# EXERCISE INSTRUCTIONS:
Using the records below, give again exactly the lines from the line that contains "Аллея Славы в" through the line that contains "Pacific Giftware zombies", both ends included, and only those.
SOURCE MATERIAL START
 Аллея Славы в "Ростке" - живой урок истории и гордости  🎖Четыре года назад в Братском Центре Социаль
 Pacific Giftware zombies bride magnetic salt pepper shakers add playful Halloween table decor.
SOURCE MATERIAL END
SOURCE MATERIAL START
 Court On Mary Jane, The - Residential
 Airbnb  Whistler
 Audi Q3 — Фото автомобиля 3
SOURCE MATERIAL END
# OUTPUT FOR THIS TASK:
 Аллея Славы в "Ростке" - живой урок истории и гордости  🎖Четыре года назад в Братском Центре Социаль
 Pacific Giftware zombies bride magnetic salt pepper shakers add playful Halloween table decor.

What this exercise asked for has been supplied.